--- Records for processing ---

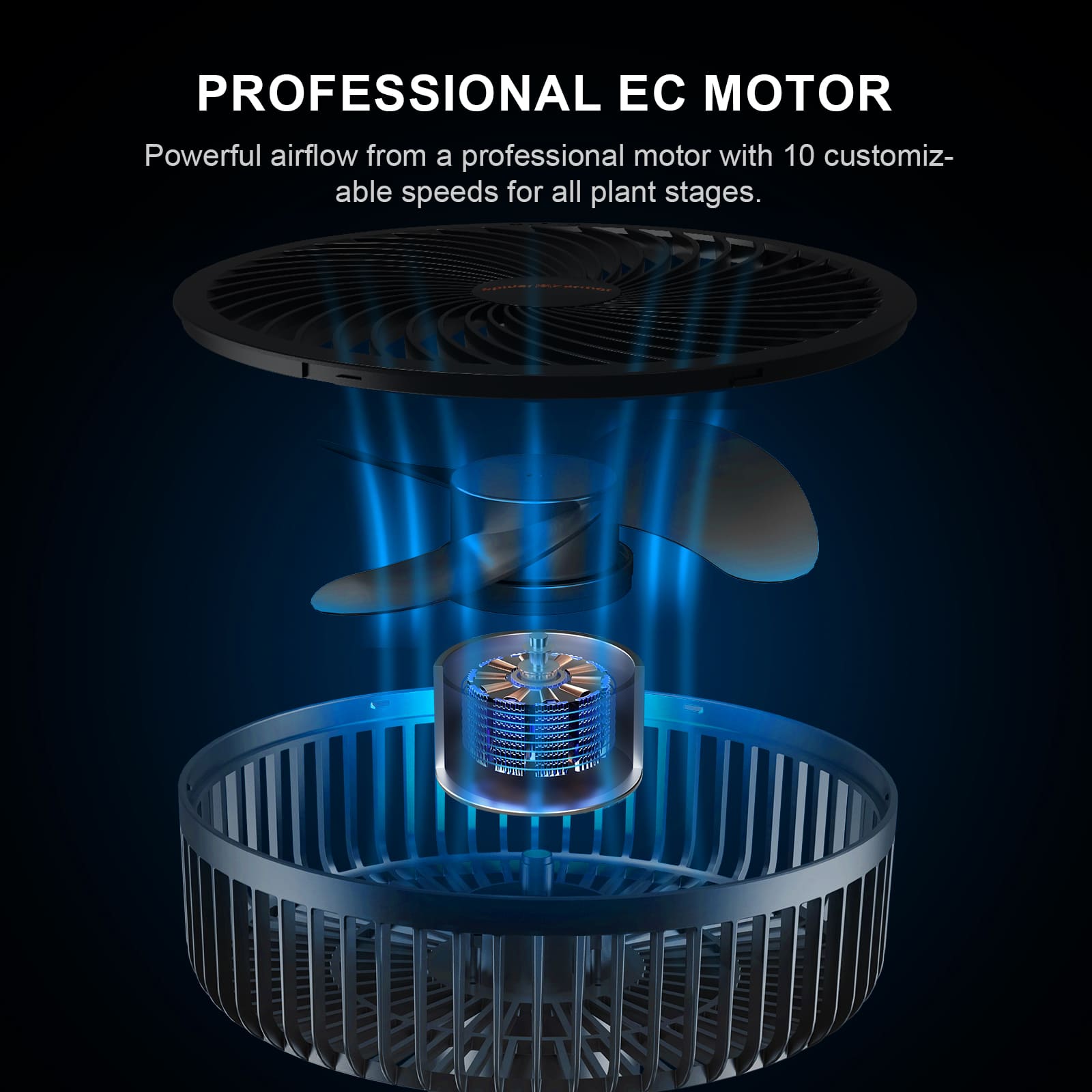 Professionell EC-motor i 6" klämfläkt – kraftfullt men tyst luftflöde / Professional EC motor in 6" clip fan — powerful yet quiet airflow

---
--- Records for processing ---

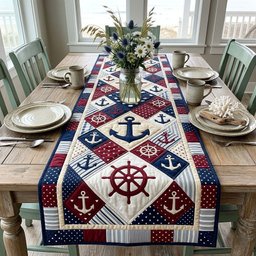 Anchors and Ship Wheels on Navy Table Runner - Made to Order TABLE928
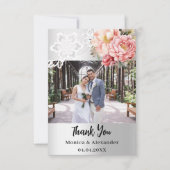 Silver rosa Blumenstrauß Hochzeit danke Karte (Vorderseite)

---
--- Records for processing ---

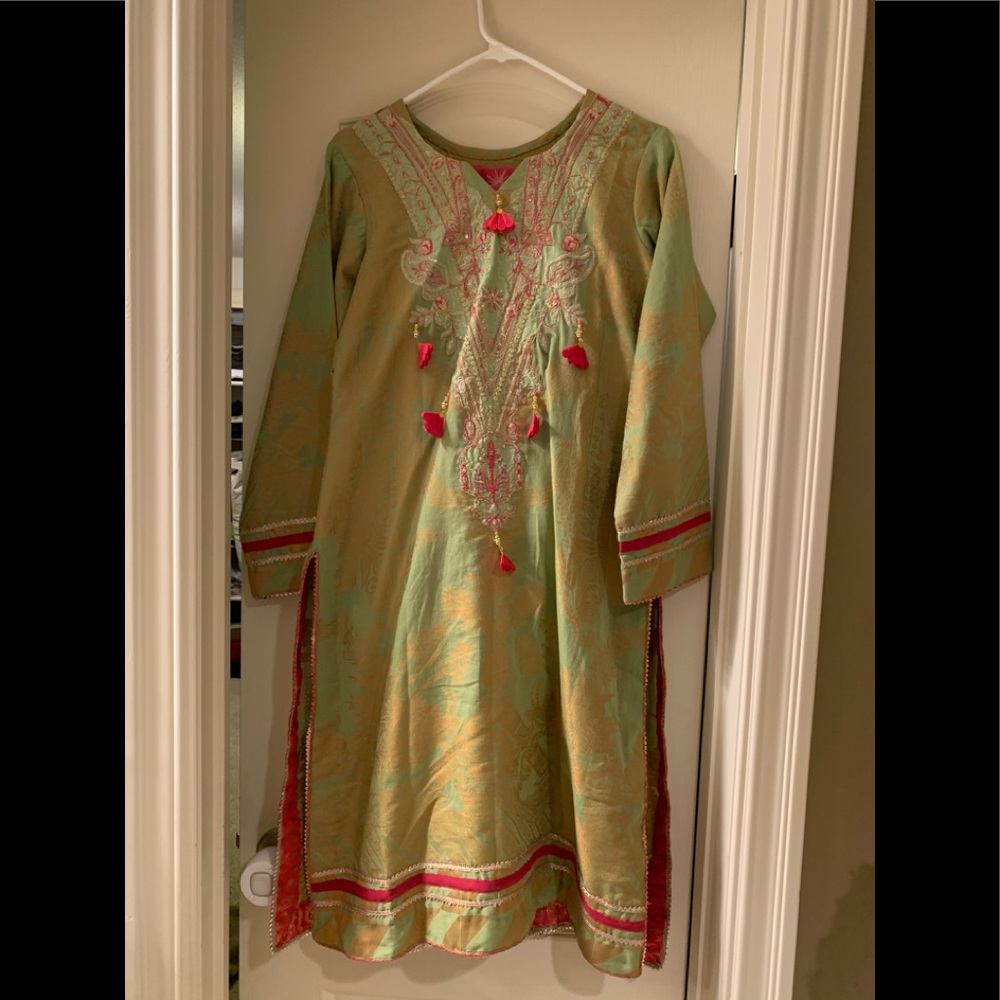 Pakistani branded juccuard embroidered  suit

---

▶ To do
Each line between the one holding "Anchors and Ship" and the one holding "Silver rosa Blumenstrauß", inclusive, should be copied exactly as it appears above, and pictures should be omitted.

▶ Exercise answer
 Anchors and Ship Wheels on Navy Table Runner - Made to Order TABLE928
 Silver rosa Blumenstrauß Hochzeit danke Karte (Vorderseite)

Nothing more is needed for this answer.